Task – Although the records contain pictures, none belong in the copy: restate word for word only the lines from the one with "Liscate to Castelvisconti map" through the one with "Gold Orange Glitter", both included.

Records shown –
# # # #
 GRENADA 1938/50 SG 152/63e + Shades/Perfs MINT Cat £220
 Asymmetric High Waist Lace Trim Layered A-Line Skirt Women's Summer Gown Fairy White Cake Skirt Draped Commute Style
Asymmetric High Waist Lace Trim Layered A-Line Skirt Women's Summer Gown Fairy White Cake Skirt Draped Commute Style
# # # #
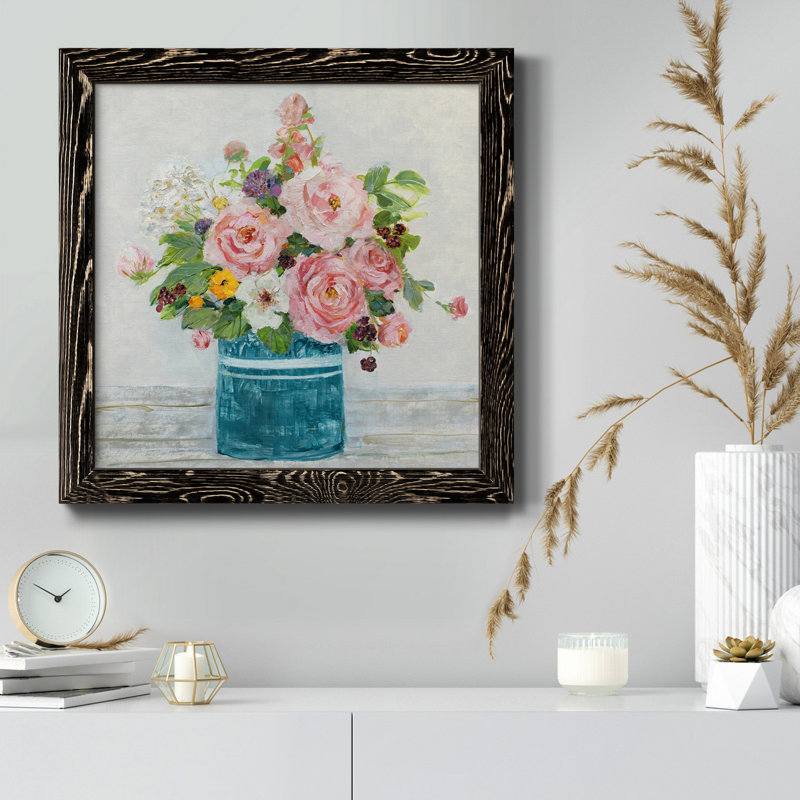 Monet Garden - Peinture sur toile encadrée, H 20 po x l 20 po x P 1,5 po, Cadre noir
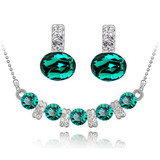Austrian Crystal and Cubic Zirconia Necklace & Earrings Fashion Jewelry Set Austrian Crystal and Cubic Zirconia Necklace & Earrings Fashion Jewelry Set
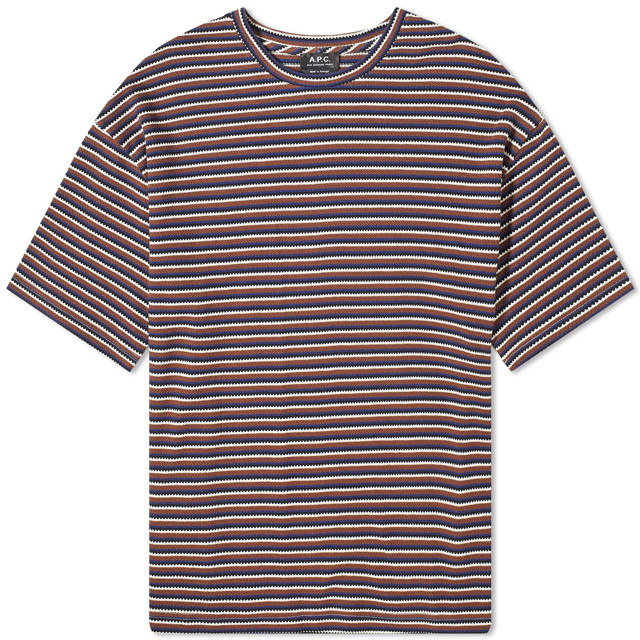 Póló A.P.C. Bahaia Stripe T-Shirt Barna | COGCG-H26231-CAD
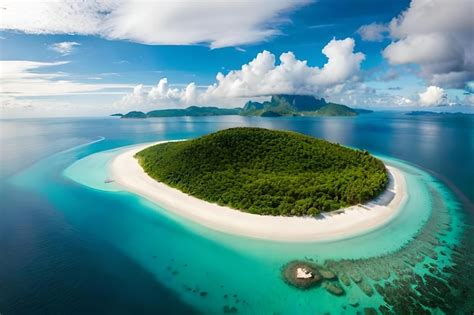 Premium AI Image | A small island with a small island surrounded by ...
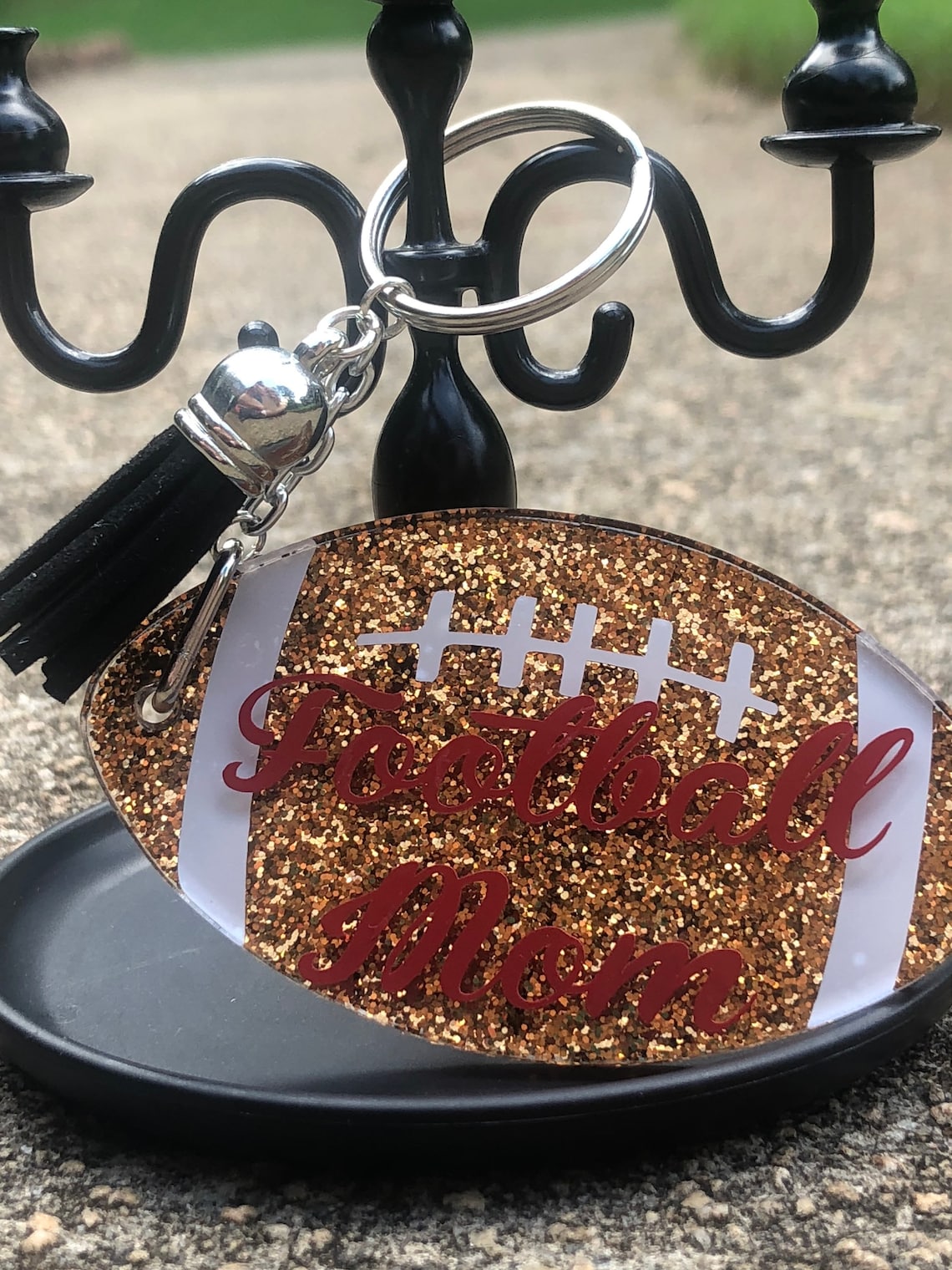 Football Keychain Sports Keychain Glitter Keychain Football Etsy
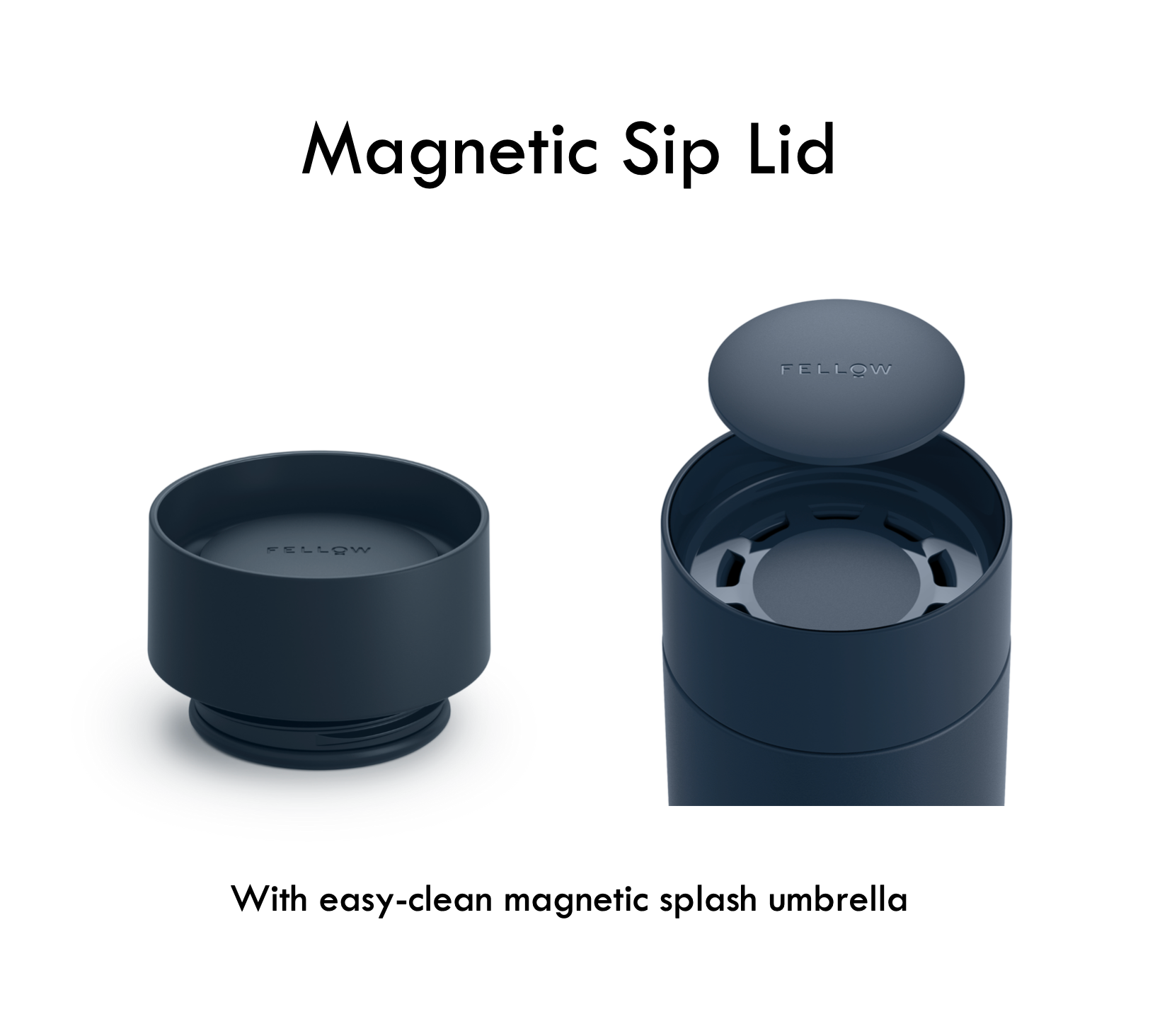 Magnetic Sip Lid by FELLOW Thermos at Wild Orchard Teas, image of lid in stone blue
# # # #
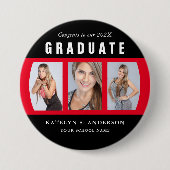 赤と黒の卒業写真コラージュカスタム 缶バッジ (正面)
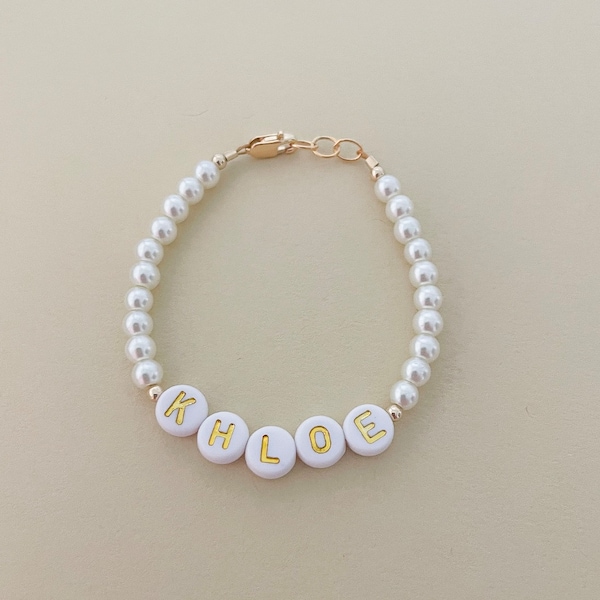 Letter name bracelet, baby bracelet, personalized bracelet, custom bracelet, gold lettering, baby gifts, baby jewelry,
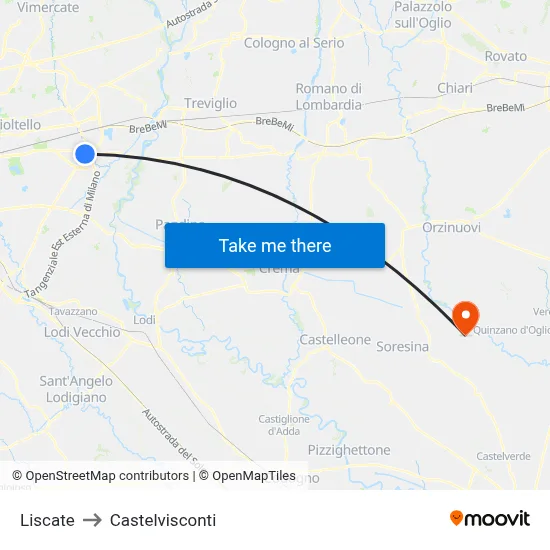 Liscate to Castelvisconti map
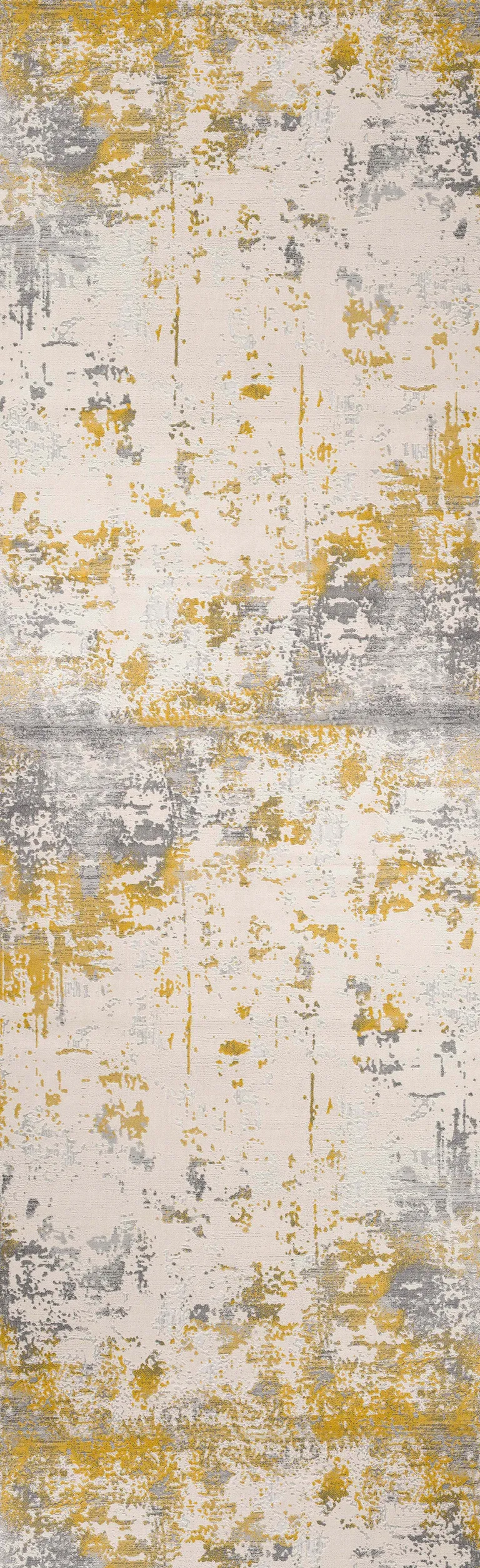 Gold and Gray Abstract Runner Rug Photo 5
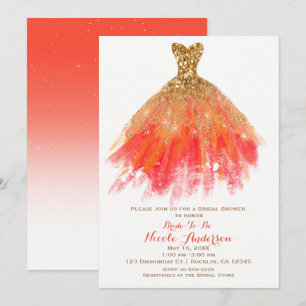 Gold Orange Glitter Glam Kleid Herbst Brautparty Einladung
# # # #
Answer box –
 Liscate to Castelvisconti map
 Gold and Gray Abstract Runner Rug Photo 5
 Gold Orange Glitter Glam Kleid Herbst Brautparty Einladung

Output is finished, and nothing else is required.